Bill Belichick, head coach of the New England Patriots — winners of six Super Bowl championships — is a fan of Dan Aton.
So are 31 of the other head coaches of the National Football League, along with more than 100 top coaches in Division I college football.
Aton doesn’t run with the ball elusively, make great passes from the quarterback position or lead a team in tackles on defense. But he does help coaches get the most out of their own players.
Aton is founder and CEO of 8K Solutions in Titusville, which relies on decades of technology know-how to provide expert service and innovative lines of ultra-high-definition cameras to professional and collegiate sports organizations. In essence, as a trusted tech partner for the design, integration and maintenance of video solutions — with immense pixel resolution and viewing size — the company is part of teams nationwide at practice facilities, team meeting rooms, locker rooms and coaches’ offices.
Using technology to analyze video and give instant feedback to players has become a powerful tool in sports. In that sense, 8K Solutions, established in 2014 with a roster of approximately 25 employees housed in a 26,000-square-foot headquarters, scores touchdowns all over the place.
“We’re focused on the needs of what in the big scheme of things is a pretty narrow niche of customer base,” Aton says.
Leading the way: mastRcam. Talk about a versatile player. Arriving on the scene about five years ago, the mastRcam is best known for its ability to film from tall heights while being operated by a person safely on the ground. That’s especially important during use in windy conditions. Plus, there are multiple versions, each literally rising to the occasion, positioned high above practice fields. They include the mastRcam mobile, mastRcam SC and mastRcam Tower, all more maneuverable than traditional lifts or stationary structures.

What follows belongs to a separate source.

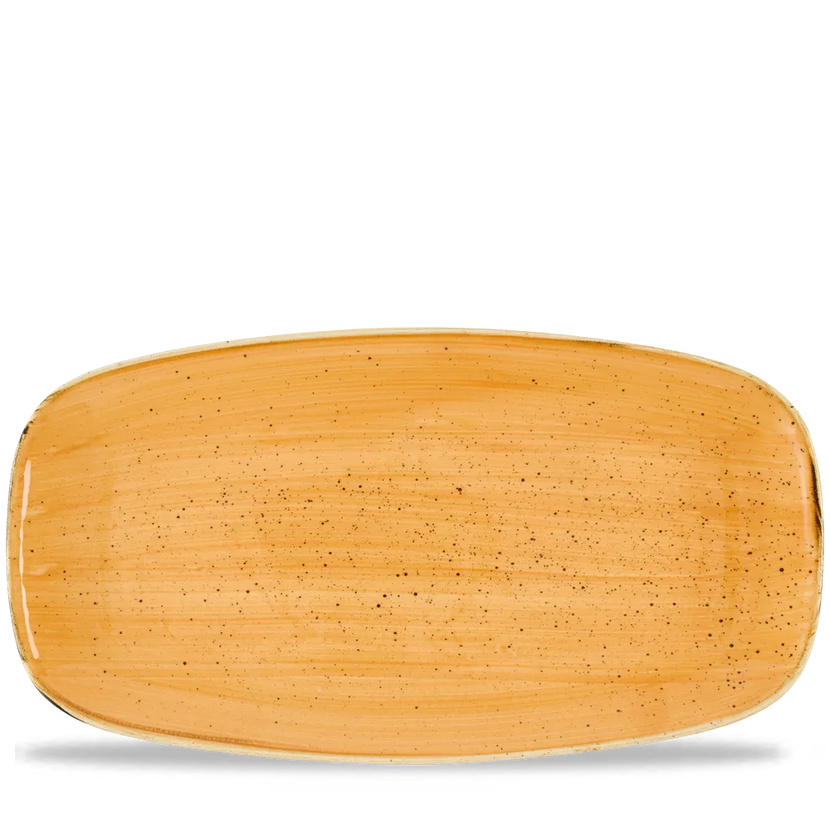 Churchill Stonecast Tangerine chef's ovaal bord 35,5x18,9 cm – groot oranje bord voor restaurants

Notably, both teams from last year’s Super Bowl, the Patriots as well as the Los Angeles Rams, ran the mastRcam through its paces in preparation for the big game.
“We definitely don’t want to lose our focus on our core customer base,” Aton adds about his customers and the continual development of new technologies.

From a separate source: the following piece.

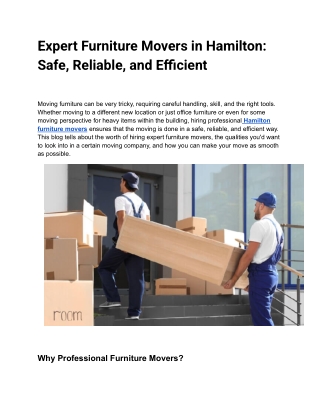 Affordable Hamilton Furniture Moving Services – Your Trusted Movers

That isn’t likely to happen, not with newcomers such as the Lyvve Coach and its instant video review on screens located right on the practice field. The system’s highlights: Each play is automatically created and “loops” until the next play is executed. Also, remote control and tablet interfaces enable coaches to illustrate their teaching points. Designed with the coach in mind, it’s the “world’s first and most cost-effective practice field replay system,” according to Aton.

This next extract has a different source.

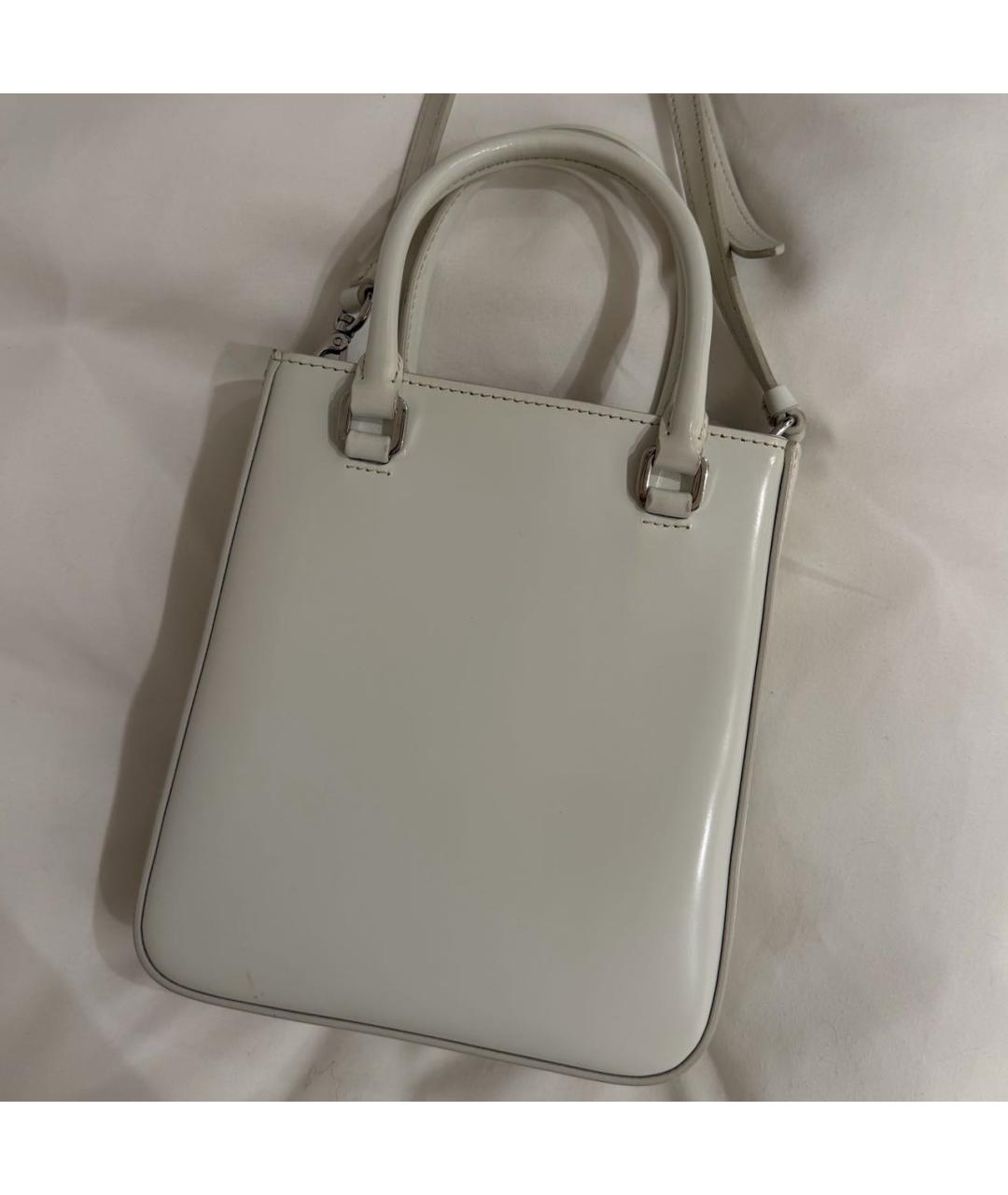 PRADA Белая кожаная сумка тоут, фото 3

The newest star is the Walk Through Wall. One can call it the NFL’s popular Madden video game on steroids. The system produces projected images of approximately 40 feet wide and 10 feet high — with either virtual characters graphically generated or actual video stretched and formatted to fit a wall of that size. Teams use it to “walk through” their game plans.
“It really creates almost a [virtual reality] kind of experience,” Aton says, noting the challenge for teams is having an available room large enough to accommodate the viewing screen.
Actually, all of 8K Solutions’ equipment can be described as larger than life. They have to be, Aton says, because the competitive stakes are that high.
“There is a place for it,” Aton explains about the technology and equipment. “But people going out in their normal home and buying an 8K 65-inch TV, the cost is probably not worth the payoff. It’s more of an industrial and commercial application, where you’re viewing it on a very large screen. Then there’s a difference; then it’s worth the investment.”
Aton and 8K Solutions are betting on it.
Aton is a pioneer in sports video technology, now with more than two decades of related industry experience. He mostly hasn’t strayed from a game plan that is squarely centered on football. And it’s a game plan that is closely tied to Titusville. He went to high school in Titusville, and his wife grew up there. In addition, he’s an integral part of numerous local organizations.
In the end, he wants to win in football, and he wants to do it from home, describing Titusville as a “big part of my personal life and community life.”
It’s happening — and you can view it on big screens.